Online Inventory for Lift Access

Strategically sell lift products with added inventory for the 20/21 season

Executive Summary

  • Set up inventory on access products even if you don’t expect to need to limit capacity this winter. 

  • How to determine your online inventory, which can be used when setting up inventory pools that access products sold online can be linked to. 

  • Different options for bucketing access inventory allocations:

    • Using product groups

    • Using “persona groups” for inventory pool groupings tied to access products and why you might use this method rather than a simple lift ticket/passholder delineation. 

    • Using time slots for controlling congestion at the start of the day

  • If you have any questions about inventory pools and how they work in Aspenware Commerce, contact your Aspenware Service representative for a refresher and help thinking through your resort’s inventory strategy.

If you need to be nimble with resort operations and capacity restrictions this year, Aspenware recommends adding inventory to access products, and any products that are bundled with access products, for the 2020 season before they go on sale.
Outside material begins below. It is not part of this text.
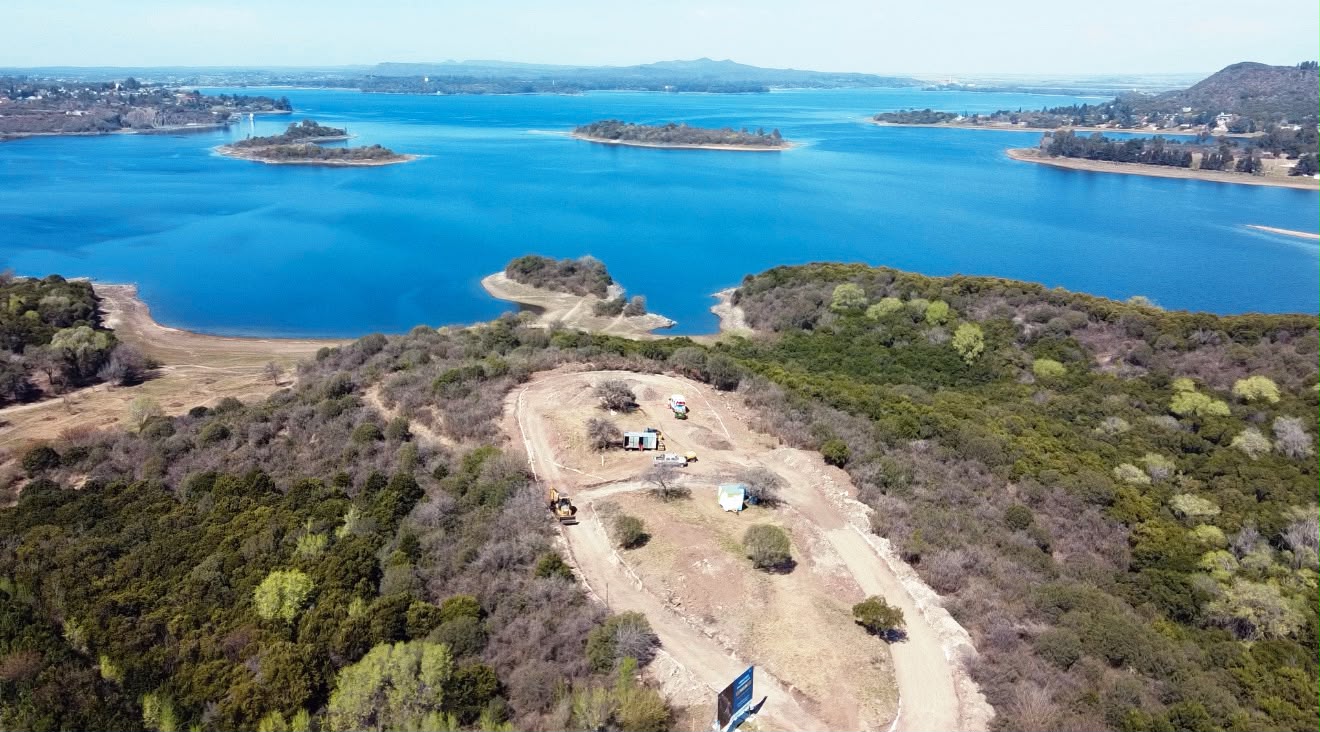 Construcción de la rotonda y puesta en valor del Portal de la Villa en Villa del Dique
Leveraging Aspenware’s inventory integrations into your POS inventory management can be useful to actually restrict access if it comes to that, but more importantly, it can help resorts plan for and quickly adapt to challenges and opportunities that may arise during this unprecedented winter. 

The methods and philosophies for managing inventory are shifting toward concepts used in the hotel and airline industries, which have always had to manage limited inventory, and therefore have learned to maximize their revenue within those constraints. Aspenware recommends coming up with your total “online inventory” as a first step.  
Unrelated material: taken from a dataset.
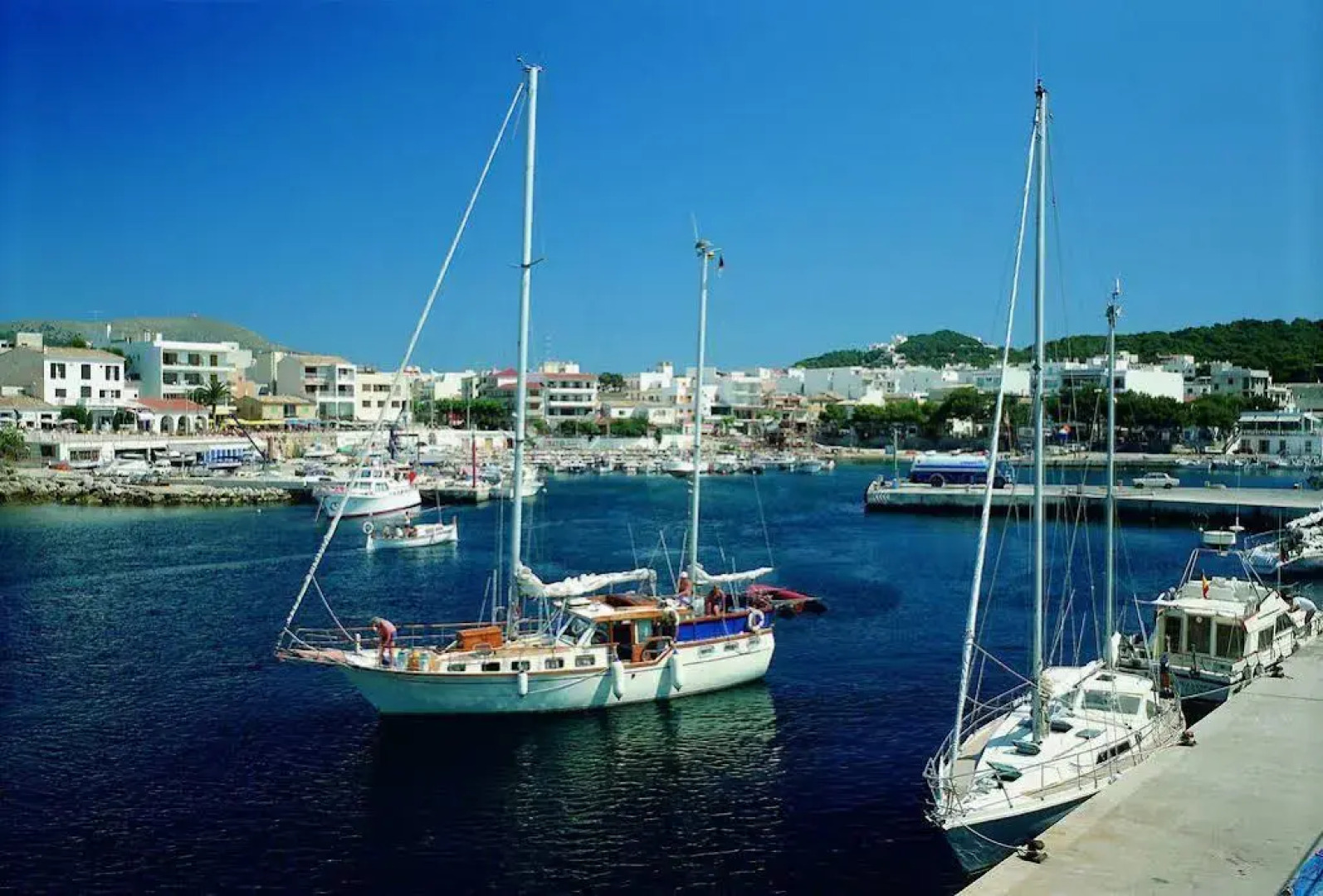 Apartamentos Ponent Mhm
Determining Online Inventory

Your “online inventory” is a subset of your overall availability, or max resort capacity, which is the number of permitted on-hill skiers and riders. Your Online Inventory is the capacity available after the following are deducted: 1) inventory you need to reserve for tickets that will be sold through sales channels that aren’t directly integrated into your POS' inventory system, 2) partner programs (IKON, Epic Pass, etc.), 3) passholder visits if you won’t require passholder reservations, 4) anything else you need to reserve inventory for, such as tickets you want to keep available until more is known closer to the season. 

This online inventory can be tracked and managed for online sales at a high level using your POS’ inventory functionality - Aspenware commerce directly integrates to your resort POS’ inventory. Resorts requiring reservations for passholders experienced “no shows,” so consider over-allocating inventory for certain inventory buckets, like passholders. Perhaps start the season with accurate inventory limits, and pad inventory numbers for certain product types once more is known about no-shows at your resort. 

 

Adding an overall inventory pool to access products

If you desire to keep access inventory pool setup and maintenance as simple as possible, consider creating an overall inventory pool with the daily inventory equal to your “Online Inventory” number(s) and add that to every access product you sell online, mapping it in RTP and in Aspenware Commerce. If you don’t plan to restrict inventory but want to put it on as a fail safe, as Aspenware is recommending all resorts do at a minimum, that online inventory can be a very high number for initial sales, but should be added to all access products in preparation for this unprecedented season.

A deeper look at access inventory pools

Resorts likely want to have more control over online access product availability than “all on” or “all off” so that they can re-allocate inventory across different channels as more is known about pre-sales and the season. Once “online inventory” is determined, define buckets of inventory that access products will be mapped to, and possibly allocate a percentage to each bucket.  Furthermore, resort admins who want to rebalance inventory by individual date will need to configure inventory pool limits for each date of the season. 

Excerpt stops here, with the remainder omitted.